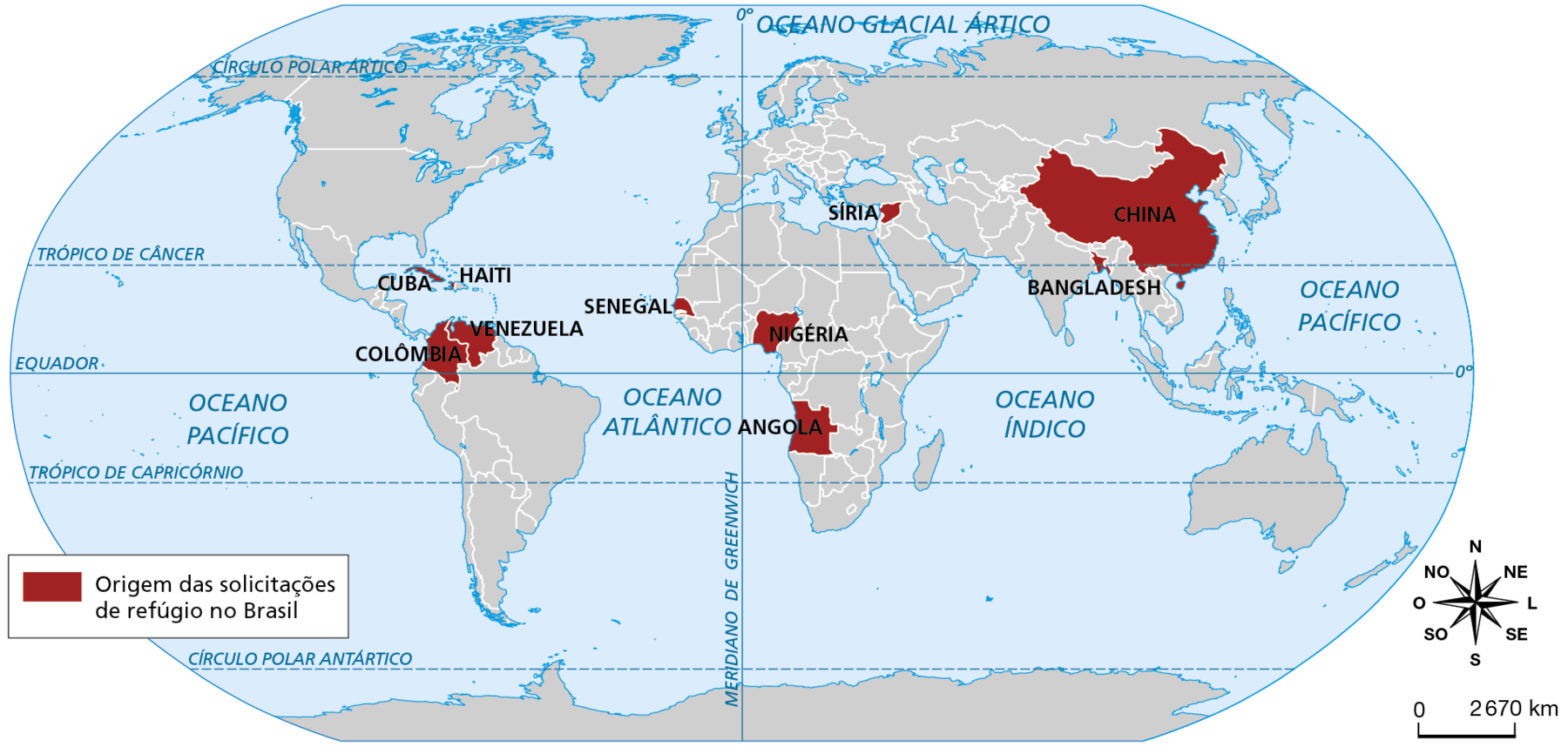 Mapa. Brasil: país de origem dos grupos que solicitam refúgio. 2020. 
Planisfério mostrando os países de origem das solicitações de refúgio no Brasil, em 2020.
Colômbia, Cuba, Haiti, Venezuela, Senegal, Nigéria, Angola, Síria, Bangladesh, China.
Abaixo e à direita, rosa dos ventos e escala de 0 a 2.670 quilômetros.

TASK DIRECTIONS: Everything from the line that has "Síria, Bangladesh, China." to the final line above should be retyped exactly, and nothing else.

WRITTEN REPLY:
Colômbia, Cuba, Haiti, Venezuela, Senegal, Nigéria, Angola, Síria, Bangladesh, China.
Abaixo e à direita, rosa dos ventos e escala de 0 a 2.670 quilômetros.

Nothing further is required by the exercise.